→ **TASK GOAL**
The answer must consist of every line from the entries that holds the word "Patio".

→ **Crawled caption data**
- - - - - - -

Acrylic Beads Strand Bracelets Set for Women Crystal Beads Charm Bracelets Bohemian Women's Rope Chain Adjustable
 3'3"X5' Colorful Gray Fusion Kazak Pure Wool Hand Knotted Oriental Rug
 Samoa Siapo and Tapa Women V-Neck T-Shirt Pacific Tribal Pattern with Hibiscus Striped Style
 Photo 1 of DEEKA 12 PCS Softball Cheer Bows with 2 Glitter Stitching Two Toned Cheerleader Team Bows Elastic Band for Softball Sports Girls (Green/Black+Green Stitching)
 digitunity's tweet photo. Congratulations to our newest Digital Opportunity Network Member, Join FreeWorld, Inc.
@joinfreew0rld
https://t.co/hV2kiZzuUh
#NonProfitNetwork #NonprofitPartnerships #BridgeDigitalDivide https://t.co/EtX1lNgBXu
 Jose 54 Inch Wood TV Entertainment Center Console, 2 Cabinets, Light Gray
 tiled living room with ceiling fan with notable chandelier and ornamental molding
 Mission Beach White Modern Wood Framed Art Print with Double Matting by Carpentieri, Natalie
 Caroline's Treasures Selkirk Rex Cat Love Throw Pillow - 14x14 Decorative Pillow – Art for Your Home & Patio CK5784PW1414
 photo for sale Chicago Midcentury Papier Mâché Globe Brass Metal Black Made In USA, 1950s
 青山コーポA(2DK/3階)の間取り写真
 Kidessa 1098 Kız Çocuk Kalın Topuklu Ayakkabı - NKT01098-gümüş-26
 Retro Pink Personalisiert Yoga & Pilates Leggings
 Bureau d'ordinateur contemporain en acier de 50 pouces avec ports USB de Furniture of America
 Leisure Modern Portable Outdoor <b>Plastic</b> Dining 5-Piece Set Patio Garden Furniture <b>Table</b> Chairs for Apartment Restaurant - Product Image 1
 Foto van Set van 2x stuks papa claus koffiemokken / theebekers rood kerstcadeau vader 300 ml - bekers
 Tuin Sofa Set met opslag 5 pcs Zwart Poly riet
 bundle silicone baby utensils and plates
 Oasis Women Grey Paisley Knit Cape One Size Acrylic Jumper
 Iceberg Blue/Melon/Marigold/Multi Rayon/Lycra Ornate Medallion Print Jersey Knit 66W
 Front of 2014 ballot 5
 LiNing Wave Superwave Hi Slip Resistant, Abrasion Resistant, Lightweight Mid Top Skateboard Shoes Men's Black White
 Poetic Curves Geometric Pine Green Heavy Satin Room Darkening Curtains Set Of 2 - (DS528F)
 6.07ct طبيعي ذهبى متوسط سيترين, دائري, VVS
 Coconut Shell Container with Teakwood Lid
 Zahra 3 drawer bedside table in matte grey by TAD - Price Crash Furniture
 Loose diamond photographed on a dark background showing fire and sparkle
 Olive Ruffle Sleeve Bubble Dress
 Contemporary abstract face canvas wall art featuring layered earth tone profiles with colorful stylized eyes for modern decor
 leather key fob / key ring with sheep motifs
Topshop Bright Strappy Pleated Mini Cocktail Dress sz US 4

- - - - - - -

→ **SOLVED EXERCISE**
 Caroline's Treasures Selkirk Rex Cat Love Throw Pillow - 14x14 Decorative Pillow – Art for Your Home & Patio CK5784PW1414
 Leisure Modern Portable Outdoor <b>Plastic</b> Dining 5-Piece Set Patio Garden Furniture <b>Table</b> Chairs for Apartment Restaurant - Product Image 1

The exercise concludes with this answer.